I`ve read that switching to mobil 1 in a car with a lot of miles
can cause oil leaks because it is thinner. Or, do you
think it will be ok??


----------



## brianw (Feb 25, 2004)

Switching to synthetic should be fine. You have a car with a new engine, not a 1970s era clunker.


----------



## whitepine (Jun 3, 2005)

ok, so switching to synthetic mobil 1 at 86,ooo is ok.
Thank you.


----------



## Bror Jace (Apr 26, 2003)

The myth that switching back and forth from mineral to synthetic causes leaks is an old myth ... maybe 20+ years out of date. It was early Mobil 1 formulations which tended to cause leaks for various reasons.

Seal materials and the oils themselves have come a long, long way in the past two decades. 

Anyway, most mass-market "synthetics" are _actually_ mineral oil anyway. Mobil 1 is one exception.

My favorite conventional oils are Chevron Supreme and Pennzoil ... both use Group II+ base oils and additive packages featuring molybdenum and boron.


----------



## whitepine (Jun 3, 2005)

so like 10w30 or what? Thanks for the help


----------



## Bror Jace (Apr 26, 2003)

Summer in North America? Either 5W-30 or 10W-30 will be fine.

In the winter you might want to consider a synthetic 0W-30 or 5W-30.


----------



## whitepine (Jun 3, 2005)

Bror Jace said:


> Summer in North America? Either 5W-30 or 10W-30 will be fine.
> 
> In the winter you might want to consider a synthetic 0W-30 or 5W-30.

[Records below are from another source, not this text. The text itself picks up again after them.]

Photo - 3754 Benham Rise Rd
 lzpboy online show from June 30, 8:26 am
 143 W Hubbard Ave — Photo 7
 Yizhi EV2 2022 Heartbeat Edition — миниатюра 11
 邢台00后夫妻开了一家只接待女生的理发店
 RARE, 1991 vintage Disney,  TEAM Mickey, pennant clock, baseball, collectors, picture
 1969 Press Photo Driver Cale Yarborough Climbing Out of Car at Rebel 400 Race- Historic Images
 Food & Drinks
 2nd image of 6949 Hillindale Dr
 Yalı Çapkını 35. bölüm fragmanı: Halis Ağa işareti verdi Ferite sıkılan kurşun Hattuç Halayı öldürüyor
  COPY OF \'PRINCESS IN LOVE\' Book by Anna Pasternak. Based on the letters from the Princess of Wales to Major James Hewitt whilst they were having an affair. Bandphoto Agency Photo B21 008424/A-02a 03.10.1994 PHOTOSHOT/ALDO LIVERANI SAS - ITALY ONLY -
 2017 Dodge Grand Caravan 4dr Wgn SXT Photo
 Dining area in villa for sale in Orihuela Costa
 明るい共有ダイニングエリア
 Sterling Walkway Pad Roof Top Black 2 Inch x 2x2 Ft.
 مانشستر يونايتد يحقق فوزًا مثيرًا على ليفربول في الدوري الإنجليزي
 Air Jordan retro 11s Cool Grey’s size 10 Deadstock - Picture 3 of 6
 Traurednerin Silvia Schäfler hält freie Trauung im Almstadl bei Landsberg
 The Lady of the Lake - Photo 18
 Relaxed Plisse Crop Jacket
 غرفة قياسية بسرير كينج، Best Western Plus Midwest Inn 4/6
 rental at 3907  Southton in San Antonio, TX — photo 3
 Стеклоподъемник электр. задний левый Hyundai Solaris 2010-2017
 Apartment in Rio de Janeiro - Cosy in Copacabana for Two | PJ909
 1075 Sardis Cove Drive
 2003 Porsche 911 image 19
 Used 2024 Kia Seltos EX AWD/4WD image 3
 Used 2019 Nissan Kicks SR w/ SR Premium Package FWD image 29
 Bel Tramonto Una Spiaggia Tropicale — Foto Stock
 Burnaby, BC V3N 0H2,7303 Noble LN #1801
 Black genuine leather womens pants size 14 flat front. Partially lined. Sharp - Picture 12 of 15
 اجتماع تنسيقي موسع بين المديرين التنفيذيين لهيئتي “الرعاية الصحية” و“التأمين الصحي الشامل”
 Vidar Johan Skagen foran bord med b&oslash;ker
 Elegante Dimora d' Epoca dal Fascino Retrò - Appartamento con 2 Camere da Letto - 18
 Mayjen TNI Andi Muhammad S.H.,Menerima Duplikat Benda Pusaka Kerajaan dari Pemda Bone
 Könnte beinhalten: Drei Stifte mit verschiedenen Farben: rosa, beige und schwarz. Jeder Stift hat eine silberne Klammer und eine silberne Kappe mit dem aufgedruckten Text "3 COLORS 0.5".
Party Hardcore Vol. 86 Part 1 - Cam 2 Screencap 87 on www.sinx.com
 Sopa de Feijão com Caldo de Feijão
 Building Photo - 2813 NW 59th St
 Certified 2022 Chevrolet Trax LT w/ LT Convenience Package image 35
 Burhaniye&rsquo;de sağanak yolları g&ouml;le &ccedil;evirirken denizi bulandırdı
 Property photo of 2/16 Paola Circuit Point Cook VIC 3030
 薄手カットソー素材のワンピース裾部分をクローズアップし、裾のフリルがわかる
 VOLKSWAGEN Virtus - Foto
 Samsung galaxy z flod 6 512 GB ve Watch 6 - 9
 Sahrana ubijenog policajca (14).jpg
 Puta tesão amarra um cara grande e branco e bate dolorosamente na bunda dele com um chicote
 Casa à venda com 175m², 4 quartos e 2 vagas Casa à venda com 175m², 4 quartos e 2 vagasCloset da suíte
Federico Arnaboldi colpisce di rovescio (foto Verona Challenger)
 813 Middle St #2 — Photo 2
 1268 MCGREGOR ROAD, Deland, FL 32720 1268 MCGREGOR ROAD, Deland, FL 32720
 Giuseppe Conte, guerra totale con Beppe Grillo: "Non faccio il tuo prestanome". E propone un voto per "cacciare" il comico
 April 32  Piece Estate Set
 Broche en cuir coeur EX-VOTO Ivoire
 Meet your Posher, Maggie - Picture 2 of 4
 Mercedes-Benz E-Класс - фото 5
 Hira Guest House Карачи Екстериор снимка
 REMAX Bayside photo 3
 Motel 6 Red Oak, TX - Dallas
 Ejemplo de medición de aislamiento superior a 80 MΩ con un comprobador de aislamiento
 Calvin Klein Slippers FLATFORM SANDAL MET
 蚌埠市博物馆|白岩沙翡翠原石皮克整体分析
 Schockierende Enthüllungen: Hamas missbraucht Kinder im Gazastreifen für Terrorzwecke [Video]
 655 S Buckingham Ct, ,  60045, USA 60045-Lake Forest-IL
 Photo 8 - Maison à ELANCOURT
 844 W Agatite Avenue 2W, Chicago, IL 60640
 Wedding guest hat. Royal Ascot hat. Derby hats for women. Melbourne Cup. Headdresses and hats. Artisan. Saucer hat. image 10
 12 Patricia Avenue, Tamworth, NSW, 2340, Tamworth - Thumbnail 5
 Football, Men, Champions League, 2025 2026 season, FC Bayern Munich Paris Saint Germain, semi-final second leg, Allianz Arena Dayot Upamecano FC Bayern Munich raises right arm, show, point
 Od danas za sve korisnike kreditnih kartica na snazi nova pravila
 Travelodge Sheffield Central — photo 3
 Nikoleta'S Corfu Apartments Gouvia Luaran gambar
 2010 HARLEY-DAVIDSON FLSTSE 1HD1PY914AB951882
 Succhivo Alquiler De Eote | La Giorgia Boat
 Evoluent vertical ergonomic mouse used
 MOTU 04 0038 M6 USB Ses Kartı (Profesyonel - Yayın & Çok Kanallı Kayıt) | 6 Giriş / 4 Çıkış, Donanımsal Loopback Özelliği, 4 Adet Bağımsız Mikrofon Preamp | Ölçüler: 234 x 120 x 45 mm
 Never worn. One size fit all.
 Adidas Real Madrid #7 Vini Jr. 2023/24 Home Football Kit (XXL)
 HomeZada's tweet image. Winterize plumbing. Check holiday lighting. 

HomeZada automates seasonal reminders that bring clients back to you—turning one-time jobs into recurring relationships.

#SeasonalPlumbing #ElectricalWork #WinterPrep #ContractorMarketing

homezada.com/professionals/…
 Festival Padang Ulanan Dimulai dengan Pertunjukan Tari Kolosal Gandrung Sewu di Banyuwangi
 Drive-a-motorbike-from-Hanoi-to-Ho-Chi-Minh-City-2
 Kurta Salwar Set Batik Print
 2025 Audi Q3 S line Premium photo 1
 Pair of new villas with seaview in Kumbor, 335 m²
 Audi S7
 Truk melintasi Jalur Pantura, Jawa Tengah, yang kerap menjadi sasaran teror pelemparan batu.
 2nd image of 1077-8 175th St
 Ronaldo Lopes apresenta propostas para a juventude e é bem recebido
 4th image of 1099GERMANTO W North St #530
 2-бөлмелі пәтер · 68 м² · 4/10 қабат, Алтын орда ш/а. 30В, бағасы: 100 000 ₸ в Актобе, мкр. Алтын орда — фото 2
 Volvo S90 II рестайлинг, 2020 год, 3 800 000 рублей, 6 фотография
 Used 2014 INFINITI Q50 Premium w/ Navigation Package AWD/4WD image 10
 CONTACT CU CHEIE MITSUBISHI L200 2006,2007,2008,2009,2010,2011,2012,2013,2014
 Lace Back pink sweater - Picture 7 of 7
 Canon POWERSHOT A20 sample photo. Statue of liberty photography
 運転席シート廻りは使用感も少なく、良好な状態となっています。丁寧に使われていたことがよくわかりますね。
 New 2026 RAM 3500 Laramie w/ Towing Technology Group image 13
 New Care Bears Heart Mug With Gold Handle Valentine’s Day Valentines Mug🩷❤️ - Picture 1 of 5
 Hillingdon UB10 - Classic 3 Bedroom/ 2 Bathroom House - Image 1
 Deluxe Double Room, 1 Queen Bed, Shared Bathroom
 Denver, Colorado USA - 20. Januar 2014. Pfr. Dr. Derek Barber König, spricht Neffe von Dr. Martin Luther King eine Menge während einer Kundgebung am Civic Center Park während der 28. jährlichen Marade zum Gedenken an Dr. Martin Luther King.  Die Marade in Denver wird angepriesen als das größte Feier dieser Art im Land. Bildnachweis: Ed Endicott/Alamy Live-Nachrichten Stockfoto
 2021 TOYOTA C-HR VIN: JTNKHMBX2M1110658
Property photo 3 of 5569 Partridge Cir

so using synthetic mobil 1 5w-30 I can use it year round?


----------



## Bror Jace (Apr 26, 2003)

Sure, that'd be fine. The stuff starts out on the thin side of a 30 weight oil at operating temp but thins quite slowly.


----------



## mikeymaxima2001 (Jun 18, 2005)

Mobil 1 full synthetic 5w-30 it is a good oil and its only 20 bucks for a 5 quart jug!... u can even wait 5k between oil changes but i dont haha.


----------



## brianw (Feb 25, 2004)

Hell, you can wait much longer than 5K on conventional oil, depending on the engine and driving conditions.


----------



## mikeymaxima2001 (Jun 18, 2005)

haha yeah i guess you could, but have you ever looked inside an engine that is gunked up from not chainging oil as recomended... scarry and expencive. Id go 5k between oil changes only if i was leasing hahaha


----------



## am3rican (Feb 26, 2005)

mikeymaxima2001 said:


> haha yeah i guess you could, but have you ever looked inside an engine that is gunked up from not chainging oil as recomended... scarry and expencive. Id go 5k between oil changes only if i was leasing hahaha


yea, i generally do about 3750 between oil changes as recommended in the manual. i personally run conventional (pennzoil) but any synthetic would be good. i prefer mobil 1 as do most of my friends. walmart sells it for $19.72 for a 5 qt jug.


----------



## brianw (Feb 25, 2004)

Yes, I have. It was shiny like new. The Blackstone Labs oil analysis we had done indicated that 9K was fine on regular dino oil, and we could probably go 12k. 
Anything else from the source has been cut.